Thursday, September 29, 2005

U.S. Insists on Keeping Control of Web

U.S. Insists on Keeping Control of Web: "U.S. Insists on Keeping Control of Web
By BRADLEY S. KLAPPER
The Associated Press
Thursday, September 29, 2005; 10:35 AM
GENEVA -- A senior U.S. official rejected calls on Thursday for a U.N. body to take over control of the main computers that direct traffic on the Internet, reiterating U.S. intentions to keep its historical role as the medium's principal overseer.
'We will not agree to the U.N. taking over the management of the Internet,' said Ambassador David Gross, the U.S. coordinator for international communications and information policy at the State Department. 'Some countries want that. We think that's unacceptable.'

Many countries, particularly developing ones, have become increasingly concerned about the U.S. control, which stems from the country's role in creating the Internet as a Pentagon project and funding much of its early development."

I know i sound like a nationalist pig but the Untited States is the only reason the internet exists. The US military started it, funded it and designed it with some help from universities like Stamford and a few others. NO! Al Gore had not a damned thing to do with it. Just like many other programs the world likes it and now they want to take it over. I think that they can buy it from us if they want to. Otherwise sorry, no giving away the internet.

2 comments:

Anonymous said...

reposted without permission


The one thing that I don't really get, is that if you understand how it all works, this doesn't really make sense. I mean this isn't something that really matters, for the most part.

A little brush up on teh Intarweb

ARPNET was the origins of the "Intarwebs", it was replaced by the U.S. built and controlled NSFNET [wikipedia.org] [wikipedia.org] (full transion in 1989, Military went to MILNET). All ISPs had to sign an agreement with NSFNET (1987-1995) to connect to the backbone. NSFNET was not federally controlled, it was controlled by "Merit Network, Inc" which was run by public universities. True, a good bit of funding came from taxes, but it was up to academics as to how it was used. In 1995, NSFNET was transitioned to NAP architecture, which provided much faster routing and the capabilites for more growth. Today the "backbone" [wikipedia.org] [wikipedia.org] is a collection of commercial ISPs, a few private, and a few University controlled networks. There is little to no direct federal intervention.

DNS [wikipedia.org] [wikipedia.org] servers are, of course, chained in the sense that one DNS references another DNS, and DNS entries spread like viruses (lookups are forwarded). The root [wikipedia.org] [wikipedia.org] level DNS servers (serving requests from the root). Some of them are DoD owned, and some are privately owned.

But not all traffic is routed through the root level DNS servers. In fact you local DNS might not need to hit the next guy in the chain if he still has a valid lookup entry for your request (check the TTL, not all BIND [wikipedia.org] [wikipedia.org] implementations do this correctly). So the traffic on the internet does not go through one space, and you probably dont hit the root level DNS servers that often. Not only that but the way DNS works, unless you hit the root server yourself, it never knows that you were making the request, all it knows is that DNS server at 217.88.99.42 (or what have you) hit it.

Basically this whole argument is kind of silly. No one really controls net traffic, perse. The root DNS servers (i.e. ICANN) do for the most part reside in the US, but because of the recursive nature of a DNS lookup, it does not really tell you what is going on (put a packet sniffer on your own BIND server and see what comes up).

The Internet is still largely, "grass roots". It is largely peer-to-peer. The only centralized items are the root DNS servers.
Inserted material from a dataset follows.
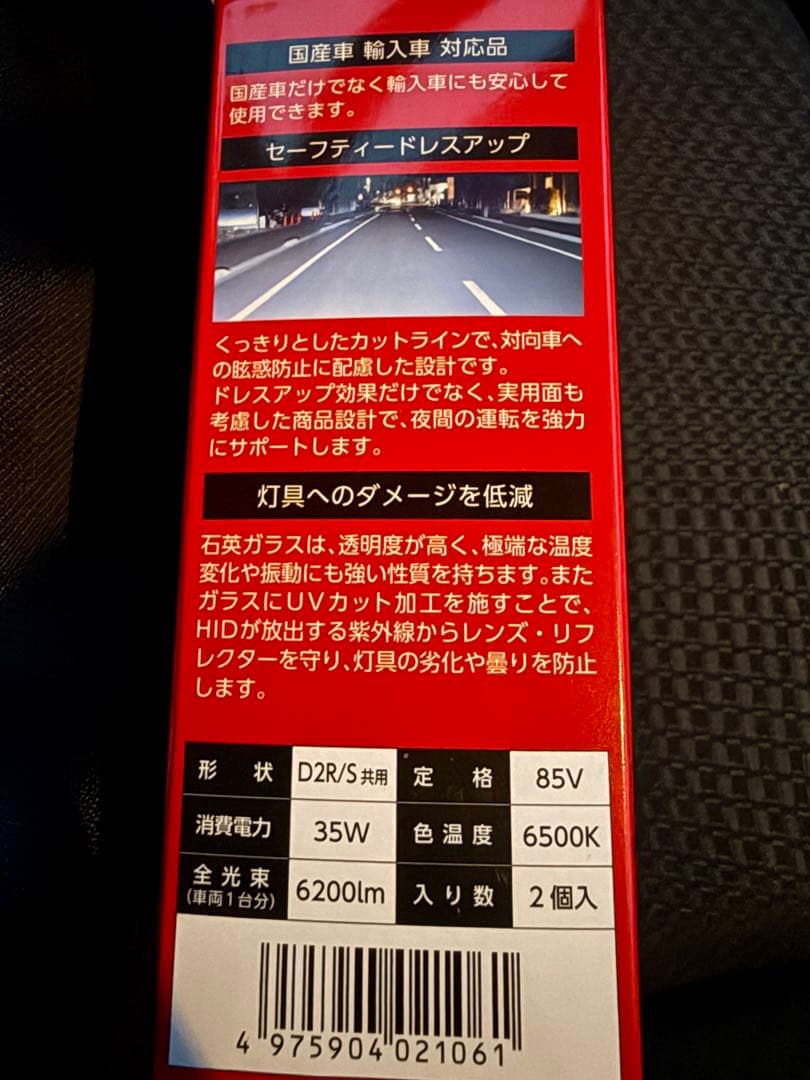 POLARG ヘッドライト　HIDバルブ　6500ケルビン　純正バルブ品質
Since the U.S. gov does not really control "the Internet", why should we change that? It sounds good in a meeting to say "you control the Internet and that isn't right", but that is gross over-simplification. Nobody really "controls" the internet. If their argument is just about moving or adding new root DNS servers, that wouldn't really matter, but instead it sounds like "politics as usual", that is to say FUD./p

Devil Frog said...

It looks alarmingly like you are trying to explain to me how the internet and DNS works. Having personally worked in DMRD924 I have a little insight to it you may say. The "internet" is not a single entity as you said but whether we techies like it or not DNS rules the web now because people are too damned dumb to remember numbers.

No matter what you have your DNS set to it is influenced by root level DNS because of updates. With a decent DNS you can tell it to only accept updates from certain sources. But... you would also have to control what sites those selcted sources accept updates from.

He who controls root level DNS controls the commercial infrastructure of the internet.

If i am incorrect on this then as you said, "this isn't something that really matters." So if it is meaningless why does the UN want control over it? I'm not sure and it really does make me curious because I do agree with most of what you said.

As always thanks for your input. Now i am even more curious about this than i was before the post.